Trying to manually mix node types in the same tree, or
changing the key_func in different notes,
will obviously wreck everything.
## Grouper
Think of it as an itertools.groupby which returns a mapping
Or as an itertools.tee that splits the stream into filtered
substreams according to the passed key-callable.
Given an iterable and a key callable,
each element in the iterable is run through the key callable and
made available in an iterator under a bucket using the resulting key-value.
The source iterable need not be ordered (unlike itertools.groupby).
If no key function is given, the identity function is used.

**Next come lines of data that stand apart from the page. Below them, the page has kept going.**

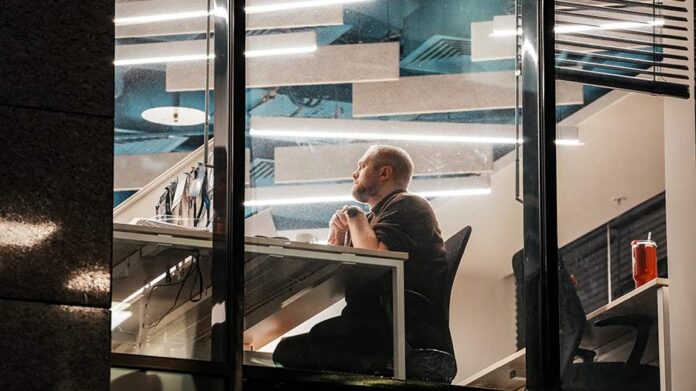 Сотрудники покидают офис, символизируя уход от начальника и офисный развод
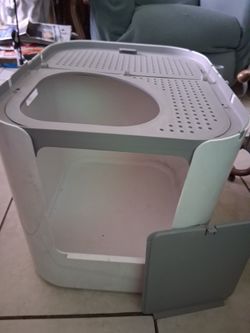 Arenero para gatos, incluye recogedor y 4 bolsas de repuesto, Alto 17",Ancho 16",Largo 21"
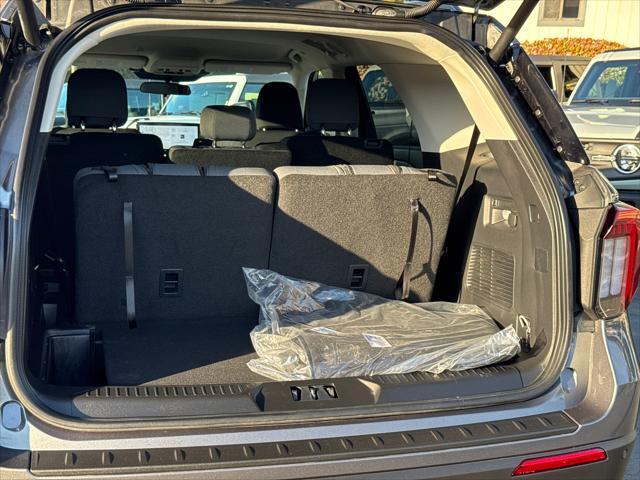 used 2025 Ford Explorer car, priced at $38,990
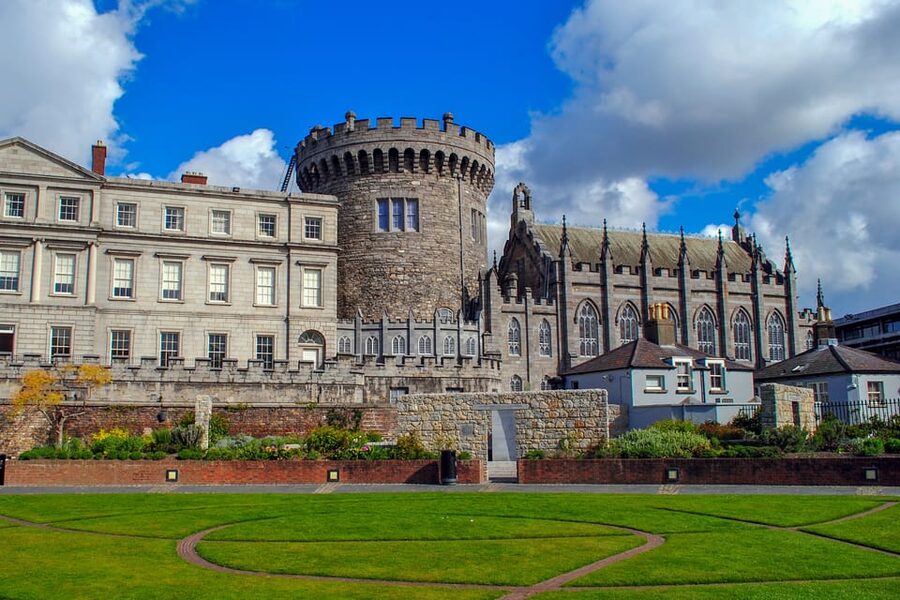 Dublin: St Patrick's, Book of Kells, and Dublin Castle Tour - Starting at St Patrick’s Park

The items will be made available under the iterable-values as requested,
in a lazy way when possible. Note that several different method calls may
precipatate an eager processing of all items in the source iterator:
.keys() or len(), for example.
Whenever a new key is found during input consumption, a "Queue" iterator,
which is a thin wrapper over collections.deque is created under that key
and can be further iterated to retrieve more elements that map to
the same key.
In short, this is very similar to `itertools.tee`, but with a filter
so that each element goes to a mapped bucket.
Once created, the resulting object may obtionally be called. Doing this
will consume all data in the source iterator at once, and return a
a plain dictionary with all data fetched into lists.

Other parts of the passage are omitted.